Firearm dealers fight California ban on pictures of handguns outside their own stores

Here’s a puzzle to figure out: In California, it is illegal for gun store owners to display an ad featuring a picture of handguns outside their business. But it’s not illegal for someone else—say, a gun control advocate—to post an identical picture of handguns outside the gun store.  It’s also not illegal for those same gun store owners to buy an ad with a picture of handguns and run it somewhere else, away from their store property.

How does any of this make sense? After years of discontent, the store owners have filed suit demanding an answer.

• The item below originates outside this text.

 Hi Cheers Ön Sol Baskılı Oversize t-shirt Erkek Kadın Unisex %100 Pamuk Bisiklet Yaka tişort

The advertising ban has been part of California’s penal code since 1923. California’s Department of Justice allowed the lawsuit to proceed since no other states are enforcing similar laws, according to Reason’s report. Other states do have comparable legislation, including Pennsylvania, Texas and Washington, D.C., but generally do not enforce them.

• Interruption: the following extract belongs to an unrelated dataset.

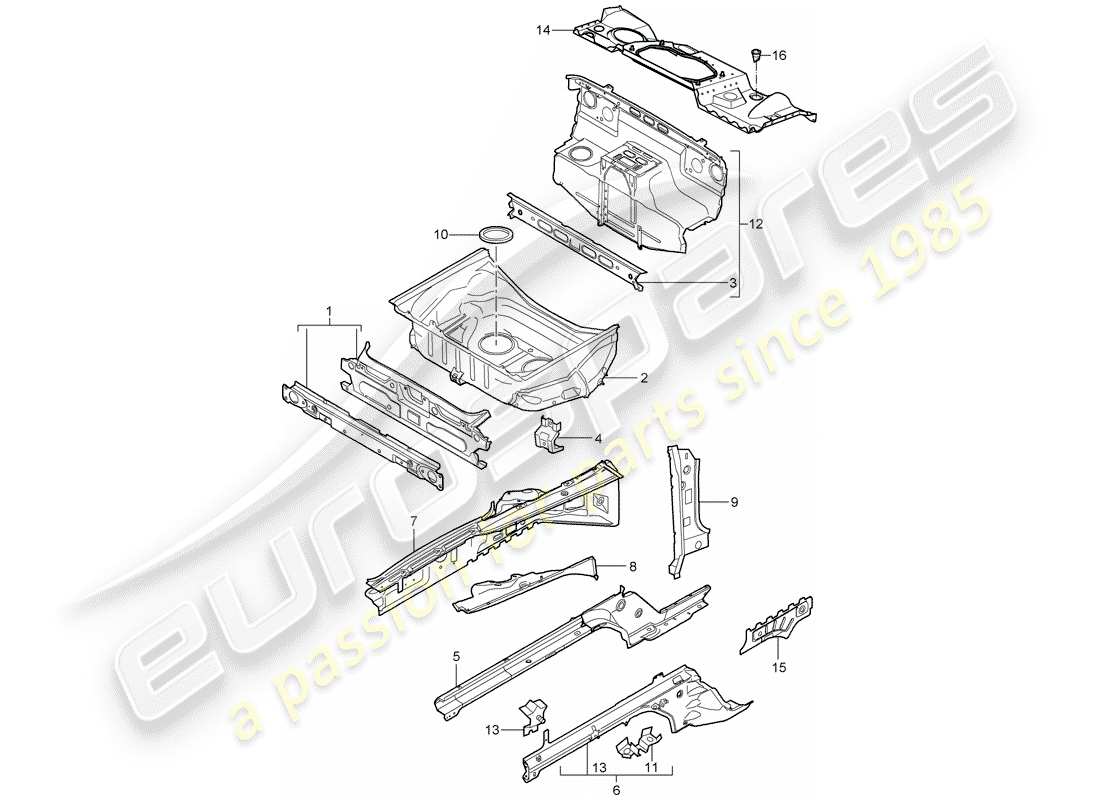 porsche 2006 (987 cayman) front end part diagram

“The sale of handguns is not only legal — it is constitutionally protected,” the brief reads. “The First Amendment protects truthful, non-misleading commercial speech promoting lawful products or services, but especially when the products or services are themselves protected by other constitutional rights…”

The suit points to advertising for controversial, but legal, services like abortion and contraception. Bans on advertising for both have been struck down by the Supreme Court, along with bans on advertising liquor and gambling.

The suit accuses the California law of violating the First Amendment in multiple ways: first, “it prohibits firearms dealers from disseminating truthful, nonmisleading commercial information about a lawful, constitutionally protected product.”

It is also “content-based”; shops are allowed to post ads for rifles, for example, or shotguns. Only handguns are banned from display.

The suit further alleges that the ban unjustly singles out firearms dealers, which amounts to “speaker-based discrimination.” Under the current law, anti-gun protesters could legally display images of handguns in posters calling for gun control or warning consumers against purchasing firearms.  The firearm dealers would be banned from using identical imagery, simply because of their profession.

“I run one of the most heavily regulated and inspected businesses in existence, but it’s still illegal for me to show customers that I sell handguns until after they walk in the door,” gun store owner Michael Baryla told Fox News earlier this month. “That’s about as silly a law as you could imagine, even here in California.”